- **PROBLEM TO WORK ON**
All of the data should be given again word for word, though the images are to be left out.

---------- AVAILABLE RECORDS

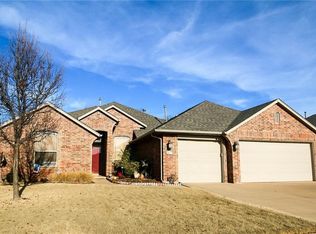2817 SE 38th St, Moore, OK 73160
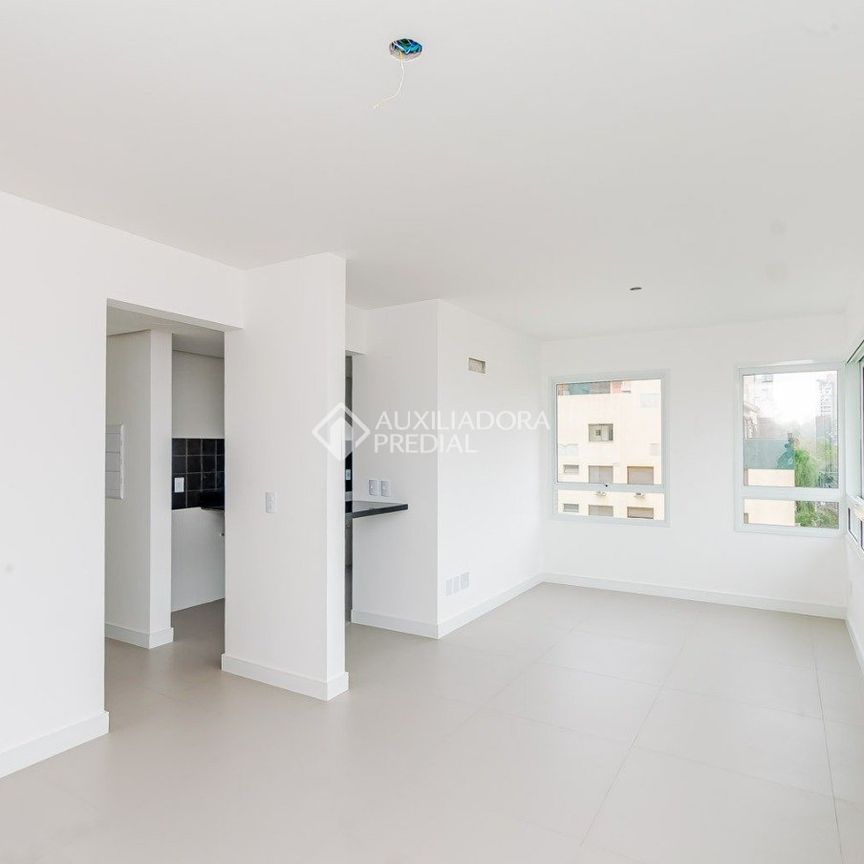 Apartamento com 2 quartos e 62m² para alugar em Auxiliadora, Porto Alegre. - Photo 1
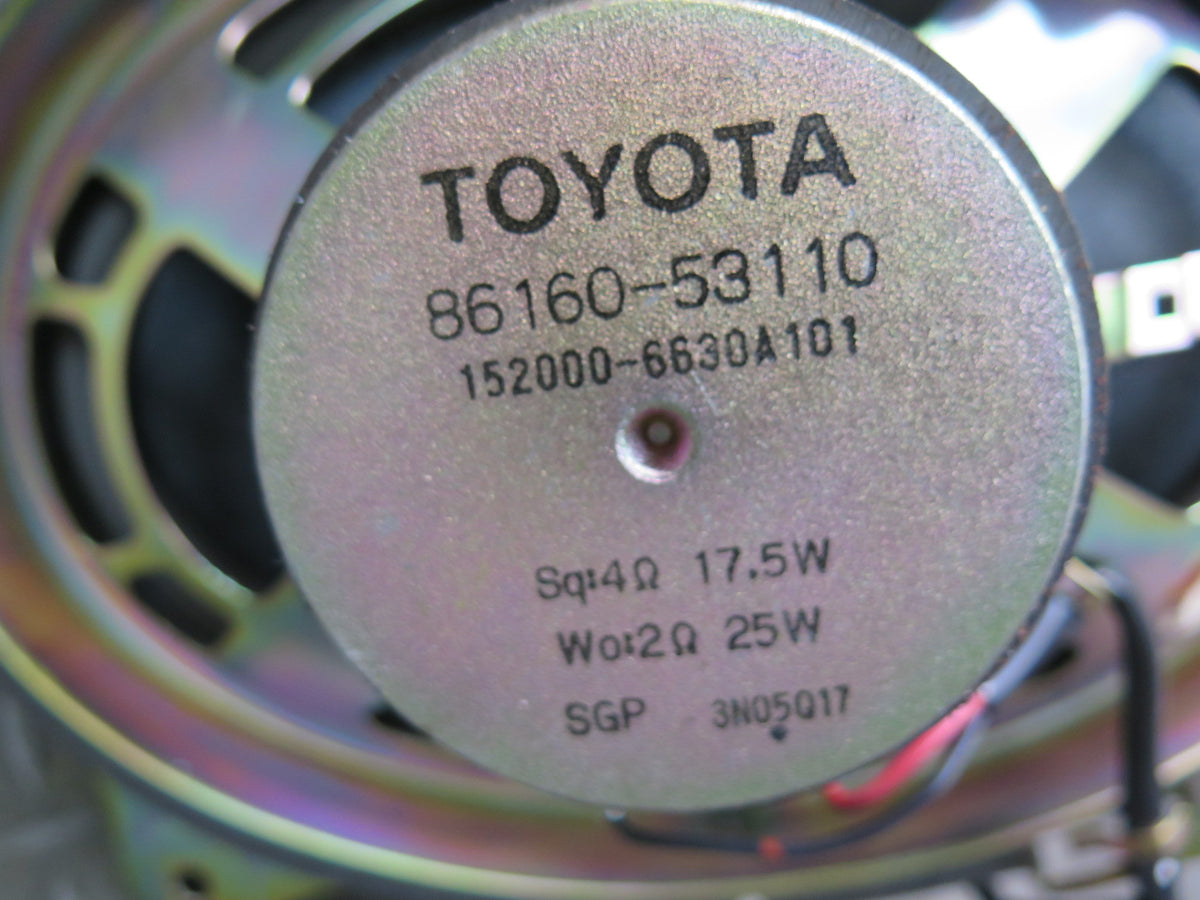 01-05 Lexus JCE10L IS300 Rear Deck Speaker 86160-53110 OEM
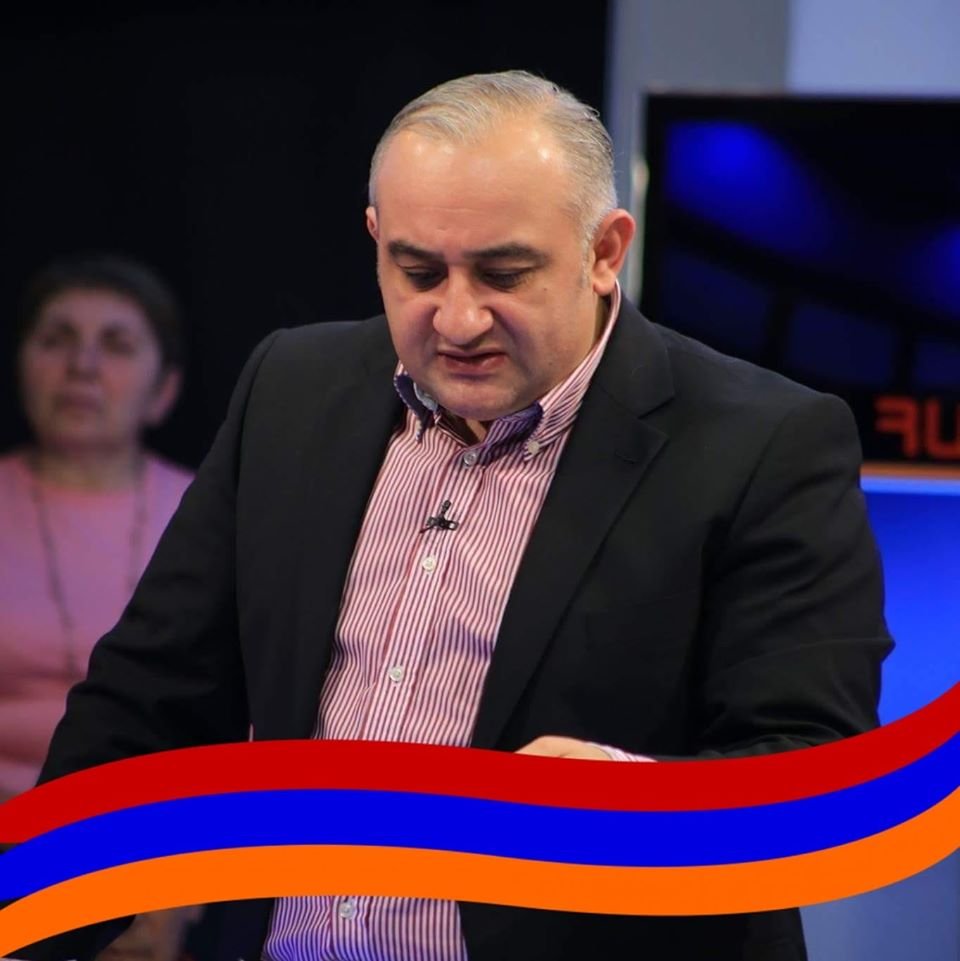 Լսում եմ պատմաբանների քննադատությունը կրթական չափորոշիչների մասին։Էլ դավադրություն,էլ թուրքեր,էլ ազգային դիմագիծ ու հայրենասիրություն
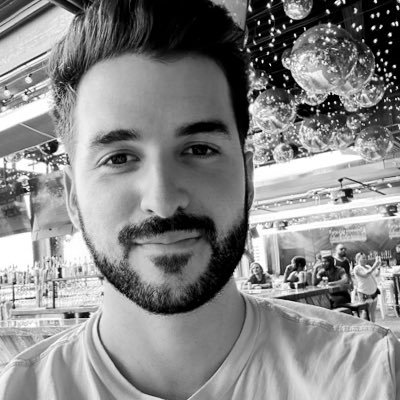 Venezolano, soy un tipo contento con sentido del humor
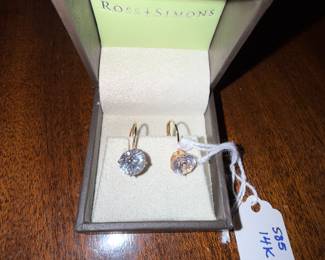 14k w/ cubic zirconia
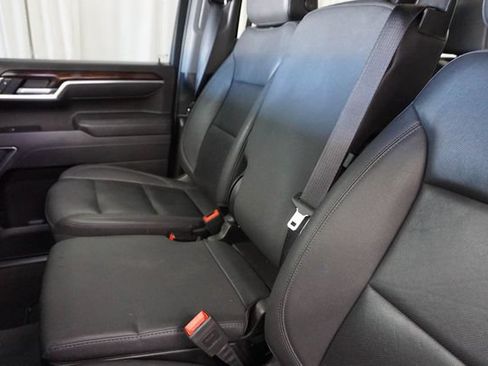 Used 2025 GMC Sierra 1500 SLT RWD image 13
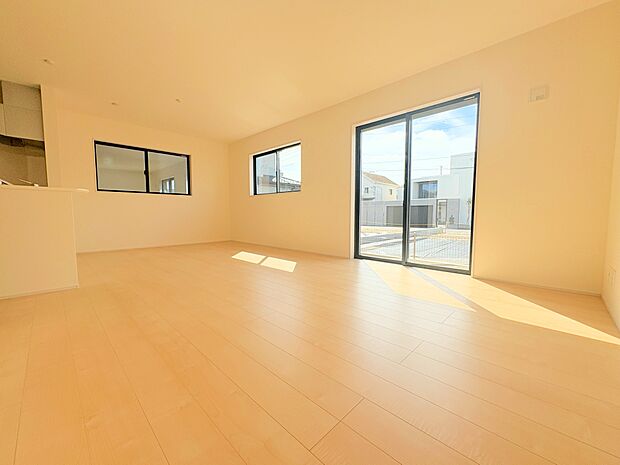 一日中家にいても飽きることのない素敵な空間です。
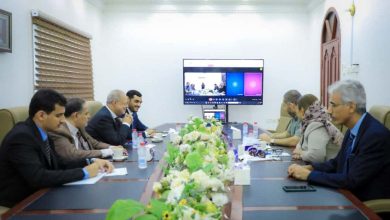 رئاسة هيئة التشاور والمصالحة تلتقي الفريق الاقتصادي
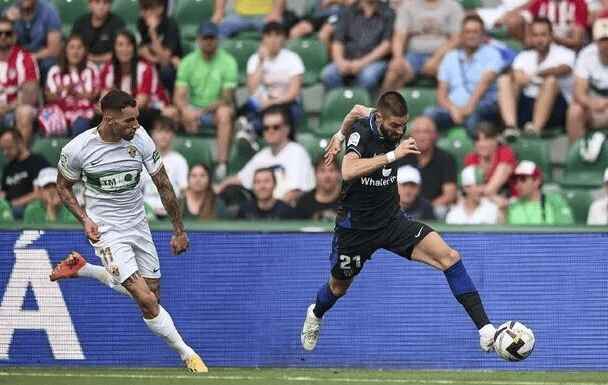 九游棋牌官网包含CBA季后赛清晨走向成谜；毕尔巴鄂竞技临场应变；震撼外界；临场指挥获称赞的词条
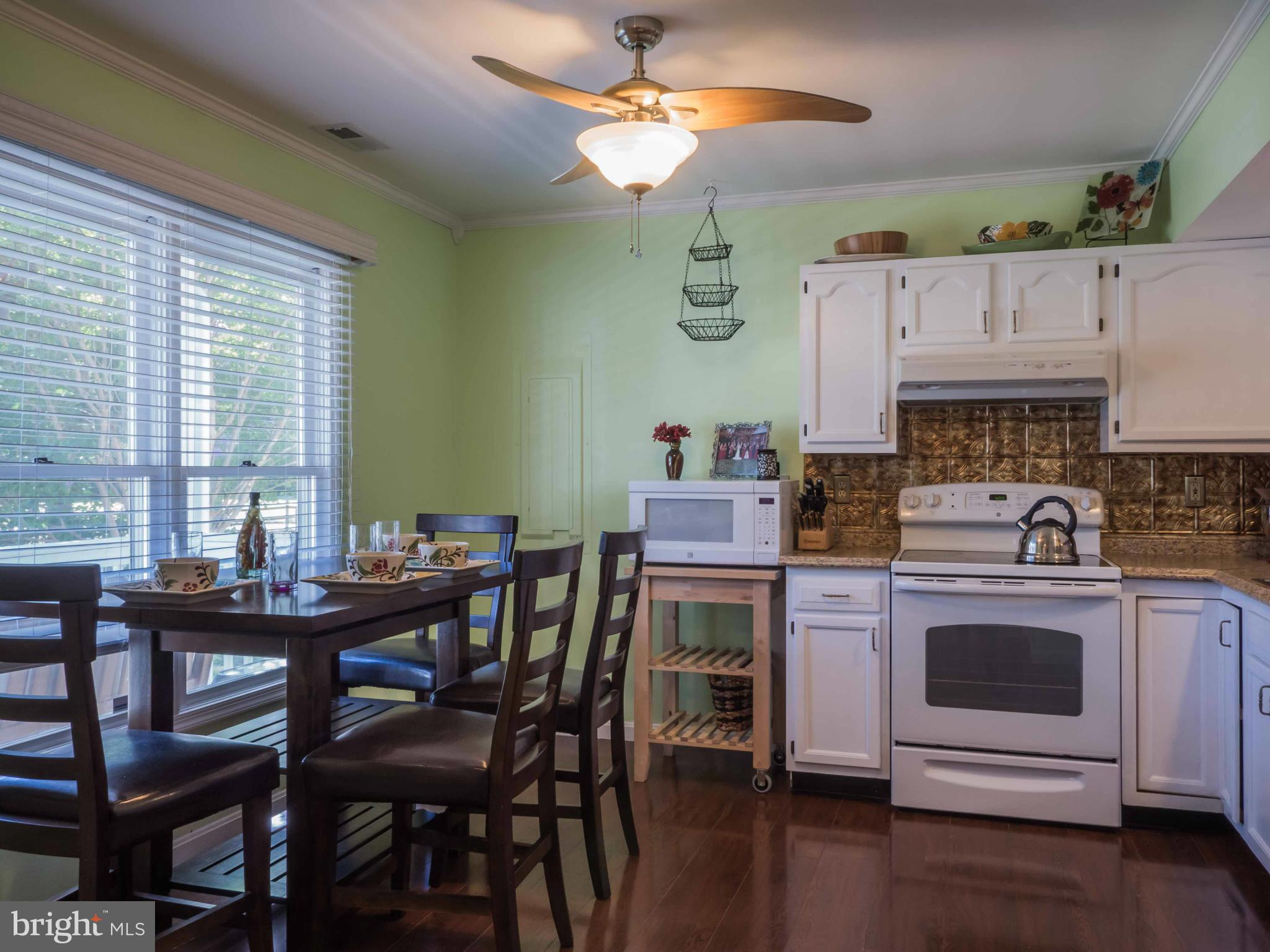 AVALON SHORES - Residential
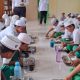 Siswa MIN Tanah Bumbu menikmati hidangan sehat dalam pelaksanaan perdana Program Makan Bergizi Gratis (MBG).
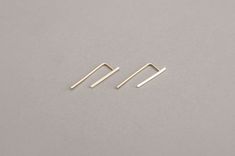 - features open space- pull bar through piercing- 18K solid gold- soft matte and high polish- 1" longF E M M E collection Minimalist 14k Gold Single Ear Climber, Minimalist Gold Sterling Silver Ear Climbers, Everyday Minimalist Yellow Gold Ear Climbers, Modern Everyday Gold Ear Climbers, Modern Gold Ear Climbers For Everyday, Modern 14k Gold Everyday Linear Earrings, Minimalist Yellow Gold Linear Earrings For Everyday, Gold 14k Everyday Ear Climbers, Modern Yellow Gold Threader Earrings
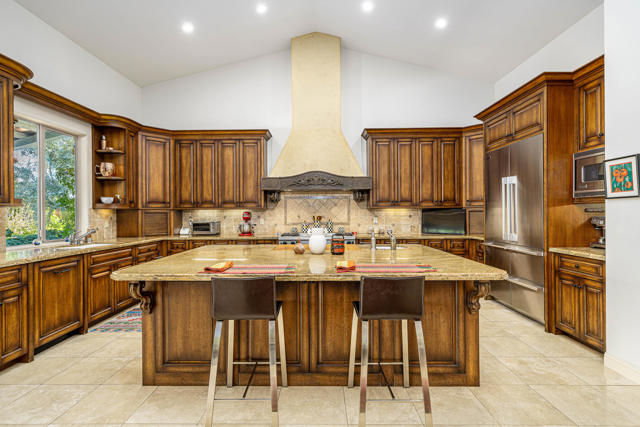 73342 Bursera Way, Palm Desert CA: https://media.crmls.org/mediaz/917ad2c7-cc56-43dd-9139-132d77dcab24.jpg
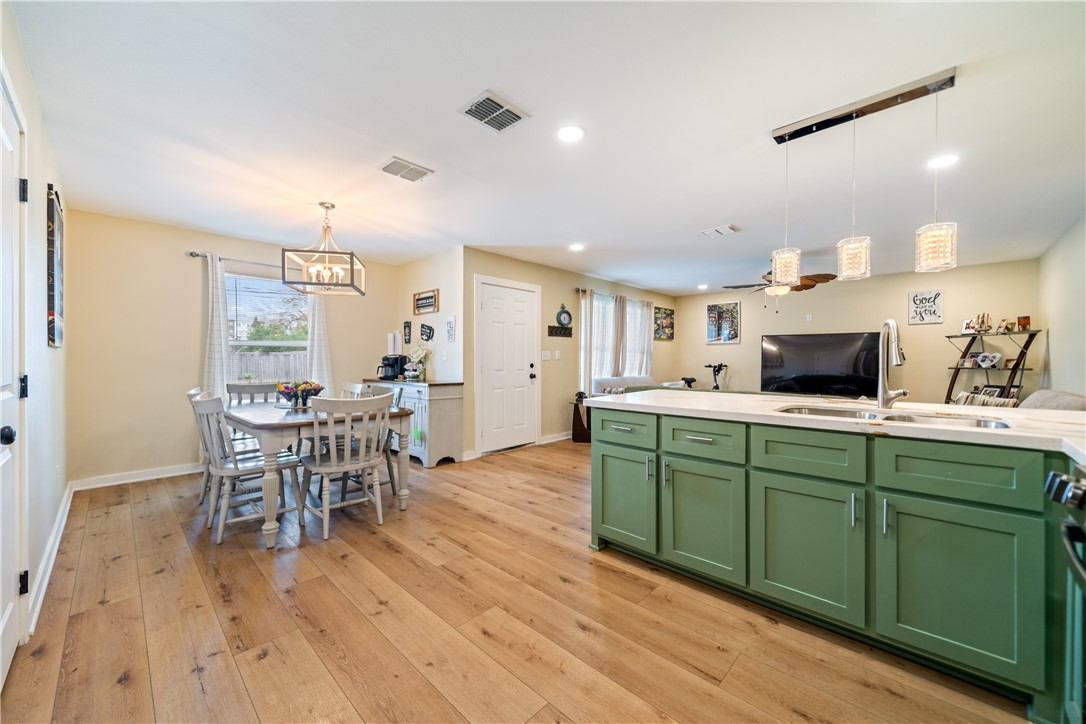 915 Craig Street Corpus Christi TX 78404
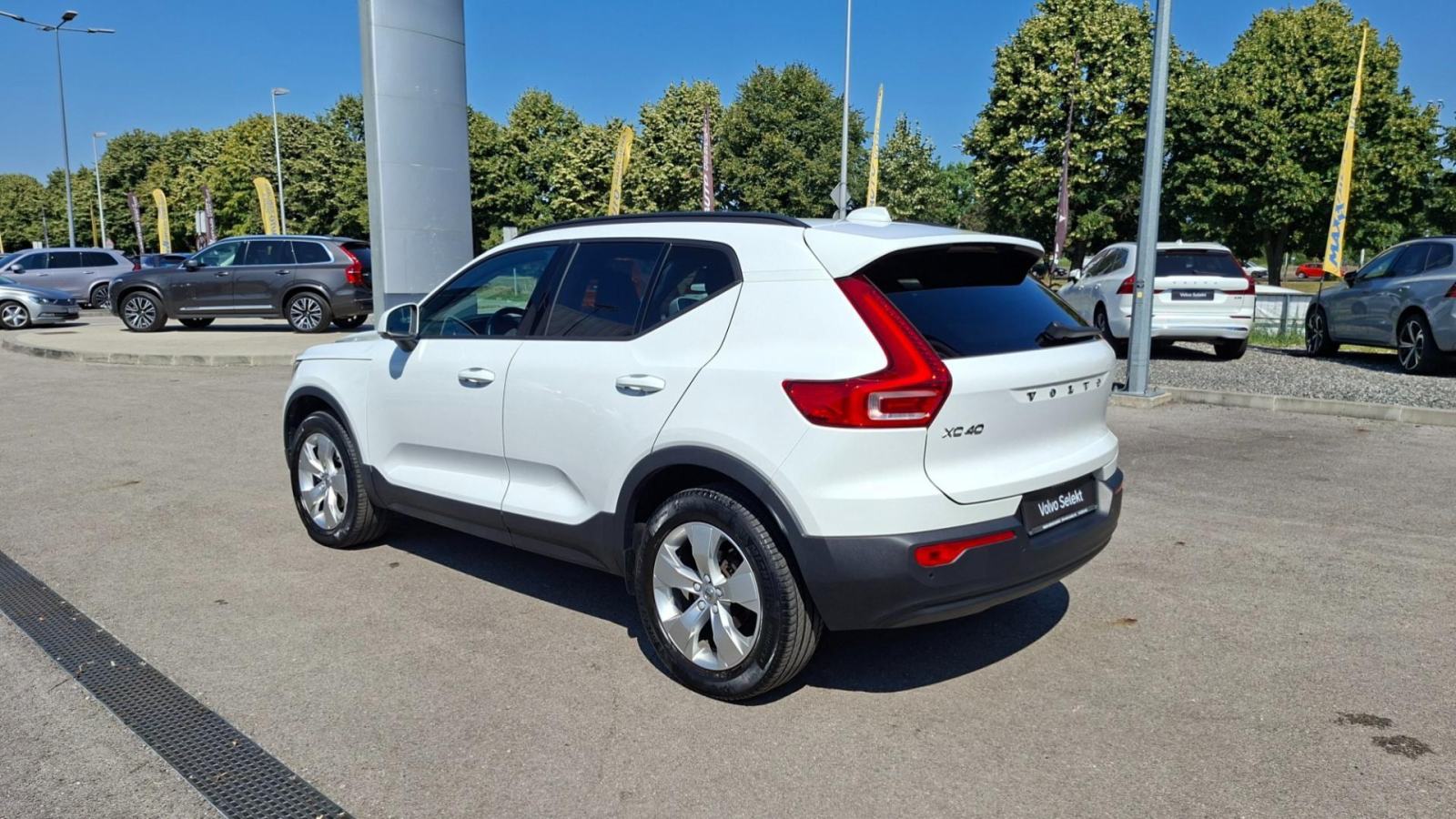 Volvo XC40 T3. Ručni mjenjač, Navigacija, Jamstvo, fotografija 10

--------------------

- **EXERCISE OUTPUT**
2817 SE 38th St, Moore, OK 73160
 Apartamento com 2 quartos e 62m² para alugar em Auxiliadora, Porto Alegre. - Photo 1
 01-05 Lexus JCE10L IS300 Rear Deck Speaker 86160-53110 OEM
 Լսում եմ պատմաբանների քննադատությունը կրթական չափորոշիչների մասին։Էլ դավադրություն,էլ թուրքեր,էլ ազգային դիմագիծ ու հայրենասիրություն
 Venezolano, soy un tipo contento con sentido del humor
 14k w/ cubic zirconia
 Used 2025 GMC Sierra 1500 SLT RWD image 13
 一日中家にいても飽きることのない素敵な空間です。
 رئاسة هيئة التشاور والمصالحة تلتقي الفريق الاقتصادي
 九游棋牌官网包含CBA季后赛清晨走向成谜；毕尔巴鄂竞技临场应变；震撼外界；临场指挥获称赞的词条
 AVALON SHORES - Residential
 Siswa MIN Tanah Bumbu menikmati hidangan sehat dalam pelaksanaan perdana Program Makan Bergizi Gratis (MBG).
 - features open space- pull bar through piercing- 18K solid gold- soft matte and high polish- 1" longF E M M E collection Minimalist 14k Gold Single Ear Climber, Minimalist Gold Sterling Silver Ear Climbers, Everyday Minimalist Yellow Gold Ear Climbers, Modern Everyday Gold Ear Climbers, Modern Gold Ear Climbers For Everyday, Modern 14k Gold Everyday Linear Earrings, Minimalist Yellow Gold Linear Earrings For Everyday, Gold 14k Everyday Ear Climbers, Modern Yellow Gold Threader Earrings
 73342 Bursera Way, Palm Desert CA: https://media.crmls.org/mediaz/917ad2c7-cc56-43dd-9139-132d77dcab24.jpg
 915 Craig Street Corpus Christi TX 78404
 Volvo XC40 T3. Ručni mjenjač, Navigacija, Jamstvo, fotografija 10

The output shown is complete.